Wearing knee-high stockings, black buckled shoes and three layers of colonial clothing as thick as furniture upholstery, Bill Ullrich gave a little history lesson to an auditorium full of captivated elementary school pupils.
The costumed impersonator of Charles Carroll of Carrollton and his fellow presenters also had a more subtle lesson, this one aimed at Carroll County school administrators who weren't even in the room: Don't forget the history and memories of Charles Carroll Elementary as you consider whether to close or renovate the 71-year-old school.
"We don't want to lose this school," Ullrich's wife, Susan, said yesterday in an interview after the assembly to celebrate the 263rd birthdate of their school's namesake. "You can't quantify the history and community support and importance of something like this school. That's what's so hard - it just comes down to dollars."
School officials this year lowered the rating of the school's condition from fair to poor, rocketing Charles Carroll up a list of construction priorities, starting a formal site assessment and sparking a flood of concern from community members who cherish the history, tradition and charm of their tiny school, amid hilly farmlands about 10 miles north of Westminster.
So to draw a little more attention to that history - and perhaps to tug at the heartstrings of school board members and others who will decide the fate of Carroll County's oldest school - Principal Lisa Busher decided two weeks ago to throw a party for Charles Carroll.
So began a parade of grown-up Charles Carroll graduates, many of whom have children who learn math and reading and art in the same classrooms - and in some cases, from the same teachers - where they once sat.

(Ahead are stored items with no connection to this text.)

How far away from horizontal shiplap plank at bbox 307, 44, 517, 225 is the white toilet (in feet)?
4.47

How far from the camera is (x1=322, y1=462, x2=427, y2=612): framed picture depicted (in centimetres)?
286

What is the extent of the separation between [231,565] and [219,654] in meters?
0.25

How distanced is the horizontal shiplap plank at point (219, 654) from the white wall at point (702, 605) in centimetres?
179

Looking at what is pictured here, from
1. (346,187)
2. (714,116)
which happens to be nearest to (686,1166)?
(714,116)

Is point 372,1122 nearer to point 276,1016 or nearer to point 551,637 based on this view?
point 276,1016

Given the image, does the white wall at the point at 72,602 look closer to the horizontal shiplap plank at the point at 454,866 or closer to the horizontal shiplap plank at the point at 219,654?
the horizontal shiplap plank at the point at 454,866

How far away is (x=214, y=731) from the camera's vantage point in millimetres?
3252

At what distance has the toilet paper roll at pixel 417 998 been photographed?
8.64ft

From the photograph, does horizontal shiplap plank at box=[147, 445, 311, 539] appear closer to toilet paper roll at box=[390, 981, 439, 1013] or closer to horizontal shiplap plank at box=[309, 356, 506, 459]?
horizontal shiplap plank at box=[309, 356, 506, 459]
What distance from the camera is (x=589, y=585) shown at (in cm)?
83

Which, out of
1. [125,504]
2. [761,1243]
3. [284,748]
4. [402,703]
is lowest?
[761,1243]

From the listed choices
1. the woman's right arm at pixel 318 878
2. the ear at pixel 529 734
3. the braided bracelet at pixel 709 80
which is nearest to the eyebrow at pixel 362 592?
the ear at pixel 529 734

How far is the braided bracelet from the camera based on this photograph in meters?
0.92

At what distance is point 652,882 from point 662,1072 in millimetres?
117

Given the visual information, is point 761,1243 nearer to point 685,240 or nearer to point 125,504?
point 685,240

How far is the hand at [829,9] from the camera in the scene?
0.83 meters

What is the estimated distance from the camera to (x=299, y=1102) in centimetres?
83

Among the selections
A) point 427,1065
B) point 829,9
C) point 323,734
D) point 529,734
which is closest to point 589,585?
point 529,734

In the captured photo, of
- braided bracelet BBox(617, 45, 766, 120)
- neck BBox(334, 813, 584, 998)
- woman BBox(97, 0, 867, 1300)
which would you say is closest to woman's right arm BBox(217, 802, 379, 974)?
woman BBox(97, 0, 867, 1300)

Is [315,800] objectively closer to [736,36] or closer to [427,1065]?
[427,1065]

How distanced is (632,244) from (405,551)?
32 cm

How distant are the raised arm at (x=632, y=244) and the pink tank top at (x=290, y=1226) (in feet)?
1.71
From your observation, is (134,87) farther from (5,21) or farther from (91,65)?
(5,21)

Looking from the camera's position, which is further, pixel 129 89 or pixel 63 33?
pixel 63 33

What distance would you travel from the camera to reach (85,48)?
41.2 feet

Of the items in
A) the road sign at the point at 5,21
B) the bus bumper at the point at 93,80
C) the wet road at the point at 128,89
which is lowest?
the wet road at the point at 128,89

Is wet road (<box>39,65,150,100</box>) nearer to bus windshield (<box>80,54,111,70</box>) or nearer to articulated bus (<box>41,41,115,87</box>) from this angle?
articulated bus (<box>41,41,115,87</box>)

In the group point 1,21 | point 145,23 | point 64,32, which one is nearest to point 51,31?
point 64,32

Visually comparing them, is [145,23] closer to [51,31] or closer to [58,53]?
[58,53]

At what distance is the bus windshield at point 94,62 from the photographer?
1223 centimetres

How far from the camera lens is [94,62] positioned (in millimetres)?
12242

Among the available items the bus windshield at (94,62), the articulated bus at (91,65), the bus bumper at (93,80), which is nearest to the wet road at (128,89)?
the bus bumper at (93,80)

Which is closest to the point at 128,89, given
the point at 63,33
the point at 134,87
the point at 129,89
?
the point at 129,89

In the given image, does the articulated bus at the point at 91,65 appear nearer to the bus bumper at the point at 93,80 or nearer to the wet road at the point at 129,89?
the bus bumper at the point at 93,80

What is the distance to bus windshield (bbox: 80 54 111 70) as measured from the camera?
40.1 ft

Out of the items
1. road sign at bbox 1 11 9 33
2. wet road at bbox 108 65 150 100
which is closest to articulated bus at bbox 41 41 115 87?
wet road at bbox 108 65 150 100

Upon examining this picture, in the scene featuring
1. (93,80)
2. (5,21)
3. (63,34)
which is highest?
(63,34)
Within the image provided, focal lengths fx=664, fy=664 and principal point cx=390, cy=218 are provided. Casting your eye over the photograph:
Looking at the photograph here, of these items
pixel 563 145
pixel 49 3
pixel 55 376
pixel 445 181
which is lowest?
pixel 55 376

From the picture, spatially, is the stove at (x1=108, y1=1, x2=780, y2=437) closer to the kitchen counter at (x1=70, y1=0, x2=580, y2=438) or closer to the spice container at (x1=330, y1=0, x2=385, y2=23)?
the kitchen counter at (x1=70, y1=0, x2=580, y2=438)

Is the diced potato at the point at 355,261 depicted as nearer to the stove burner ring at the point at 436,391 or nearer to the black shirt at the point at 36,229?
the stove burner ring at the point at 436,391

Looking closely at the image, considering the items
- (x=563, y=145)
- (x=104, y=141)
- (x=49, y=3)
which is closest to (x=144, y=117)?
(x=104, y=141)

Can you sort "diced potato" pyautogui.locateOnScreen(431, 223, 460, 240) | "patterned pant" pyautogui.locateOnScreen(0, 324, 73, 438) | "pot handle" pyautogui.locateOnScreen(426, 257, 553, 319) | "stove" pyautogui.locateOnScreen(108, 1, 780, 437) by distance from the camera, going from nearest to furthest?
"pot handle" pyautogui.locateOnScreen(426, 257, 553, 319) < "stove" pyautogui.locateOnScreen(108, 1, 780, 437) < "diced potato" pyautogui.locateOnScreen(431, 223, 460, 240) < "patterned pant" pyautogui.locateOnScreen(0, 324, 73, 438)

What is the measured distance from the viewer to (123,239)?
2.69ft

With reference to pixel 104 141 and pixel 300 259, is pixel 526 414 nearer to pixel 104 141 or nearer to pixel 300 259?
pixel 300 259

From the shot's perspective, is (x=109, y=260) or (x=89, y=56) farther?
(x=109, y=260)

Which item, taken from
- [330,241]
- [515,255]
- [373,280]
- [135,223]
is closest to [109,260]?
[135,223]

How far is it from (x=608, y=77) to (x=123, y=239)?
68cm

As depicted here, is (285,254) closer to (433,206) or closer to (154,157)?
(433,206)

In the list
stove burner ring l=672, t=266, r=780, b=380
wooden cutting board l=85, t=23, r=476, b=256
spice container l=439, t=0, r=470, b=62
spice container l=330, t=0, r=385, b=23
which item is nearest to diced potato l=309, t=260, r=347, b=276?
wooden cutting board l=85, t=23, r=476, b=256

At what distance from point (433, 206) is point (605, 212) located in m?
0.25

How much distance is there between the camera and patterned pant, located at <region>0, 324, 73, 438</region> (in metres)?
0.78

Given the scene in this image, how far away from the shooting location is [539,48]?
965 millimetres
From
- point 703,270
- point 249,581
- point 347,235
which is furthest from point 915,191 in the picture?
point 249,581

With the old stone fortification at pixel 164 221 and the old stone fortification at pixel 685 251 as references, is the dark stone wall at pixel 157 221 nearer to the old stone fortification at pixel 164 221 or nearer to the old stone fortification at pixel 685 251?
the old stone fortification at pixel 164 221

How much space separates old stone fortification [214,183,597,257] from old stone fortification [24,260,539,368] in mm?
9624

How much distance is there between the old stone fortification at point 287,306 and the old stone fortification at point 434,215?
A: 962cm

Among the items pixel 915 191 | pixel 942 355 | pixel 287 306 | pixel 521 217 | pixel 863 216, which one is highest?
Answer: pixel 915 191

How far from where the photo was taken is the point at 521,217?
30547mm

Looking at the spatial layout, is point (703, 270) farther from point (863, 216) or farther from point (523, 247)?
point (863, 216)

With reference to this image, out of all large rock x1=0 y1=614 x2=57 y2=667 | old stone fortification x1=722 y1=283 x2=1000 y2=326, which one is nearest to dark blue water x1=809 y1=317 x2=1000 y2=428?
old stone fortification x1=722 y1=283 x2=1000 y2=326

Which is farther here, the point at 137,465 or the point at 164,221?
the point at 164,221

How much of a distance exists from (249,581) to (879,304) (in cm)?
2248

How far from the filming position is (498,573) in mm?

Born Sept. 19, 1737, Charles Carroll was depicted by Ullrich as a wealthy gentleman who relished his education and exhibited many of the character traits taught in Carroll County's character education program.
At age 10, the Annapolis native sailed across the Atlantic Ocean to Europe, where he studied in St. Omer and Paris for 16 years.
After returning to the colonies, the American Revolutionary leader served as a legislator in the Continental Congress, was one of four Marylanders to sign the Declaration of Independence in 1776 and served as one of the first senators from Maryland to the U.S. Senate.
Carroll was the last living signer of the Declaration of Independence until he died at age 95.
Ullrich, who tapped into the electronic archives of Maryland's government Web sites and the collections of the Carroll County Historical Society to research his character, told his audience about Carroll's numerous achievements.
"He got real involved in the government. Does everyone know what the government is?" he asked the rows of elementary school pupils seated pretzel-style on the floor of the school's auditorium. "The government is what makes our laws, keeps our country organized and all that stuff."
Ullrich mentioned friendships between Carroll and other luminaries, including Thomas Jefferson and Benjamin Franklin.
After the presentations - including one teary-eyed testimonial of '83 graduate Jessica Dustin, who found a lifelong best friend at Carroll - the kids sang "Happy Birthday" to the school's namesake and returned to classrooms for cupcakes. But not without one more reminder from the principal.
"It didn't take me long to realize how special this school is," Busher said, who has been at Charles Carroll for two years, "and I hope you all realize it, too."